▶ **Your objective**:
The line with "Protalwell Clear Rubber", the line with "2-Pc Large Solar", and all lines between them in the material below: return these exactly, and no others.

----- Recorded data

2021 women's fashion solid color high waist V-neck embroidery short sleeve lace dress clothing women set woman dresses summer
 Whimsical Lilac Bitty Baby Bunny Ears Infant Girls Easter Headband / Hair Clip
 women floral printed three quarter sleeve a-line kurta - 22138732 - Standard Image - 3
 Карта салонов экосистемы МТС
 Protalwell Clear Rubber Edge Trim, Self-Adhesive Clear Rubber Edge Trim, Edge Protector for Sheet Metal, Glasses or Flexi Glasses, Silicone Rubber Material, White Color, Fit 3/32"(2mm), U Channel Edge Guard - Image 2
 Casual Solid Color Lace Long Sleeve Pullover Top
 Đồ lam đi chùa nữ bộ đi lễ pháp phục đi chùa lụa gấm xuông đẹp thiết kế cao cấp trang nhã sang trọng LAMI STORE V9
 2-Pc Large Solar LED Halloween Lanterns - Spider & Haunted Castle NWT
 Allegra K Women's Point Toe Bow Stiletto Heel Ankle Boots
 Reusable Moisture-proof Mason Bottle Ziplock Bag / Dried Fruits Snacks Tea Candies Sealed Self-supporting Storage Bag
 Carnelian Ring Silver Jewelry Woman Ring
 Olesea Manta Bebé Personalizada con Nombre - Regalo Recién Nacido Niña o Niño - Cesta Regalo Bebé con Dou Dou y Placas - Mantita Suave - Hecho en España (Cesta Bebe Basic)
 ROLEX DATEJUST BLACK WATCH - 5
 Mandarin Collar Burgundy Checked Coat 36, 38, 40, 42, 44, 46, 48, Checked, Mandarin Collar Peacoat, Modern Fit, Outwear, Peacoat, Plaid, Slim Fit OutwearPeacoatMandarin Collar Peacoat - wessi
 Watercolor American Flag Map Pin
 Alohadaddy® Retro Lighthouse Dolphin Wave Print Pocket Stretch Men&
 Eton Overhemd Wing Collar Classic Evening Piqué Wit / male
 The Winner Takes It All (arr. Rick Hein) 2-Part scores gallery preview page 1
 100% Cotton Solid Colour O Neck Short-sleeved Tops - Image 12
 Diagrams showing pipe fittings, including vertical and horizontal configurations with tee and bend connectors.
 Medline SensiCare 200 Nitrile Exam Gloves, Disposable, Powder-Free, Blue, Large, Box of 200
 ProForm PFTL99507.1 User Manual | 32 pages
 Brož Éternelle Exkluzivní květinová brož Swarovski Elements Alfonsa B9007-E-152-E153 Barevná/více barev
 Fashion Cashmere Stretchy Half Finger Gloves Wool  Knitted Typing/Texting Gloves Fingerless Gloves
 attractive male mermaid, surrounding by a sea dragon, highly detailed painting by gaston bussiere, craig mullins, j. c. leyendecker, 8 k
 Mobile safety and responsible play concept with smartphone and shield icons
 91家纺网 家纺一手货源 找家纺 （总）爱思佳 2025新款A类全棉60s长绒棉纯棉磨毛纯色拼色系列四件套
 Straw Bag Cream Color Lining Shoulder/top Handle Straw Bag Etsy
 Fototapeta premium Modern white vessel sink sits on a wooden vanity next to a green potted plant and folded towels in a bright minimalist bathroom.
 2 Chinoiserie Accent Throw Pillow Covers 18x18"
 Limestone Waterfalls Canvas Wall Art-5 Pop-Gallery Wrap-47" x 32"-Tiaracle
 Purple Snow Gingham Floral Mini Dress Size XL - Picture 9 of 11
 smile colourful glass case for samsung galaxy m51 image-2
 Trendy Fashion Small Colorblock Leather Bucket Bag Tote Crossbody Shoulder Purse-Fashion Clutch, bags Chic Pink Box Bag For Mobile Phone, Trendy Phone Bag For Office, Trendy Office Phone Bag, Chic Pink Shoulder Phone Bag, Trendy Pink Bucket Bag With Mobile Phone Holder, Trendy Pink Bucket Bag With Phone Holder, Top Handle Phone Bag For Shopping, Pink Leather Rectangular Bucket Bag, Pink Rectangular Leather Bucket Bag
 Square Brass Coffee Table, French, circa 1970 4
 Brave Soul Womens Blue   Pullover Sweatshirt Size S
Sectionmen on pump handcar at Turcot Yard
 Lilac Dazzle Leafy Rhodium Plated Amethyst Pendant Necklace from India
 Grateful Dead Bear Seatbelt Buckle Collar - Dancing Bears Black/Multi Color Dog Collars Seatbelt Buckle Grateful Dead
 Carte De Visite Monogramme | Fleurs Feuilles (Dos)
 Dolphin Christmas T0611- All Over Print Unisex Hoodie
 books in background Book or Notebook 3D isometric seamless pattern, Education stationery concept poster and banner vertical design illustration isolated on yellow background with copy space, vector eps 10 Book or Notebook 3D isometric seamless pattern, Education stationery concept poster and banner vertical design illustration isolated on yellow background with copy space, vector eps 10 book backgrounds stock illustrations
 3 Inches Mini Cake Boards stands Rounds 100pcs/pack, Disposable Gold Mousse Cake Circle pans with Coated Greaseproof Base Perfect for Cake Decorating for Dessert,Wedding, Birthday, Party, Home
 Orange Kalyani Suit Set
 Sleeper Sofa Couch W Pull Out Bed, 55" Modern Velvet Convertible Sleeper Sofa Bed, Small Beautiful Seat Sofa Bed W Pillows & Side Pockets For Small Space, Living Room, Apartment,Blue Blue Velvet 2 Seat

----------

▶ **Solution for this problem**:
 Protalwell Clear Rubber Edge Trim, Self-Adhesive Clear Rubber Edge Trim, Edge Protector for Sheet Metal, Glasses or Flexi Glasses, Silicone Rubber Material, White Color, Fit 3/32"(2mm), U Channel Edge Guard - Image 2
 Casual Solid Color Lace Long Sleeve Pullover Top
 Đồ lam đi chùa nữ bộ đi lễ pháp phục đi chùa lụa gấm xuông đẹp thiết kế cao cấp trang nhã sang trọng LAMI STORE V9
 2-Pc Large Solar LED Halloween Lanterns - Spider & Haunted Castle NWT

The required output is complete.